▸ Captioned web image data:
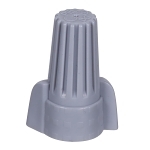 Diversitech 623-000 Wire Connector, Winged Shell, Expandable Spring, 14 to 8 AWG, Thermoplastic
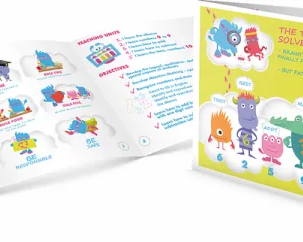 KidsBrain Method и Experience. Раннее комплексное развитие.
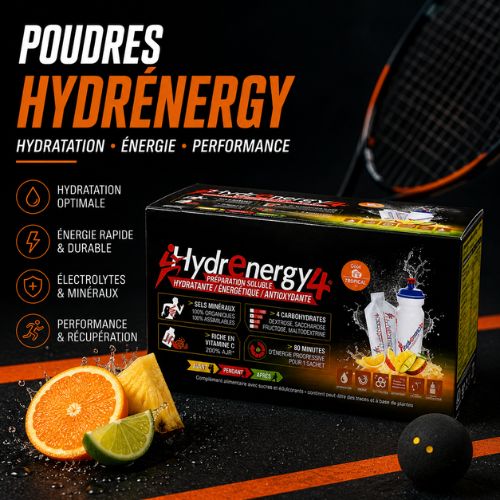 poudre hydrenergy
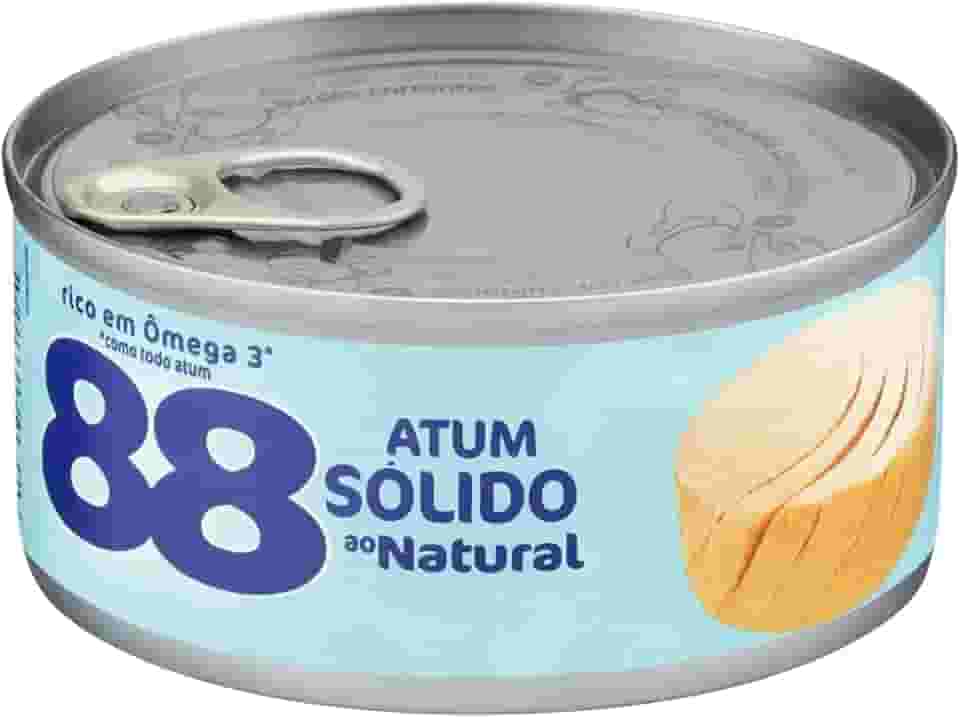 ATUM SOLIDO NATURAL 88 24 X 140GR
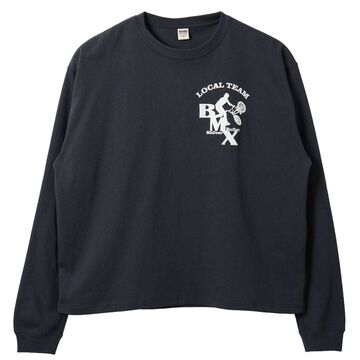 BR-26142 BOXY L/S TEE PT,WHITE, small image number 8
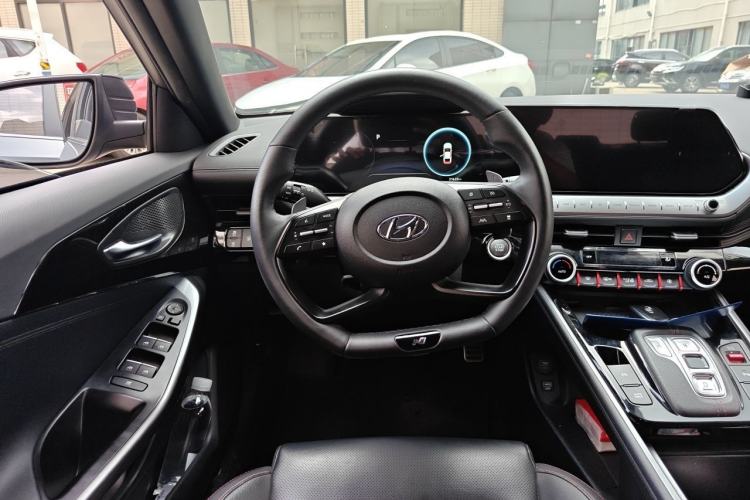Used Hyundai Lafesta 2023 270T N Line TOP Flagship Edition Steering Wheel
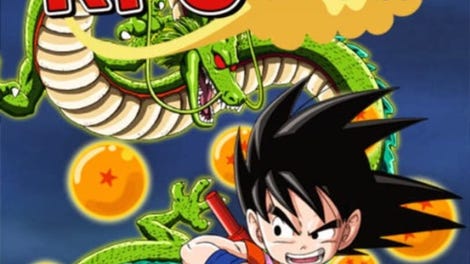 Dragon Ball RPG: Shounen-hen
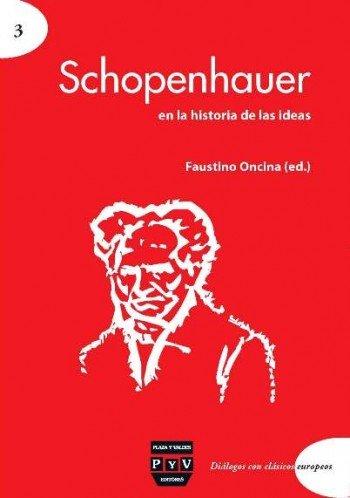 Vorderes Coverbild Schopenhauer en la historia de las ideas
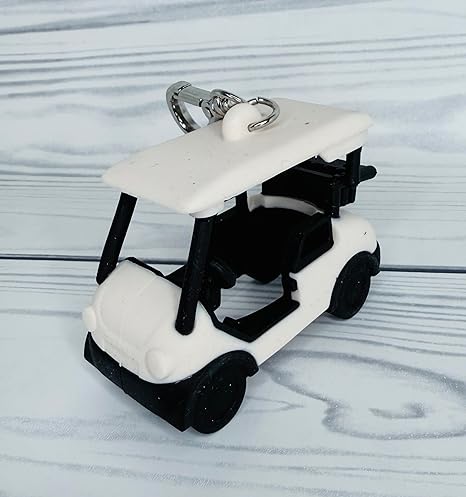 Golf Cart Hand Sanitizer Holder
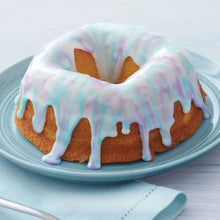 Wilton Everyday Non-Stick Bundt Cake Pan 9.51" Fluted Tube Baking Pan, Packaging May Vary - Brands For Less USA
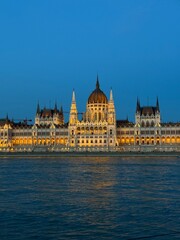 Fototapeta premium Parlament Budapest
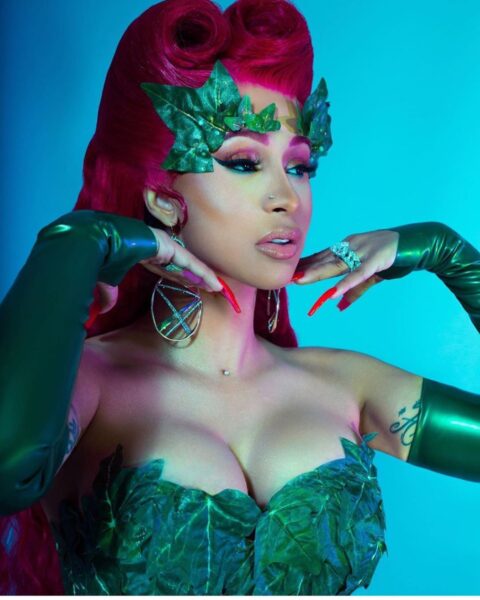 Cardi B Set To Shut Down Lagos In Concert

▸ What to do: None of the pictures belong in the result. Print exactly the lines from the one containing "Used Hyundai Lafesta" through the final line of the entries.

▸ Answer for this exercise:
Used Hyundai Lafesta 2023 270T N Line TOP Flagship Edition Steering Wheel
 Dragon Ball RPG: Shounen-hen
 Vorderes Coverbild Schopenhauer en la historia de las ideas
 Golf Cart Hand Sanitizer Holder
 Wilton Everyday Non-Stick Bundt Cake Pan 9.51" Fluted Tube Baking Pan, Packaging May Vary - Brands For Less USA
 Fototapeta premium Parlament Budapest
 Cardi B Set To Shut Down Lagos In Concert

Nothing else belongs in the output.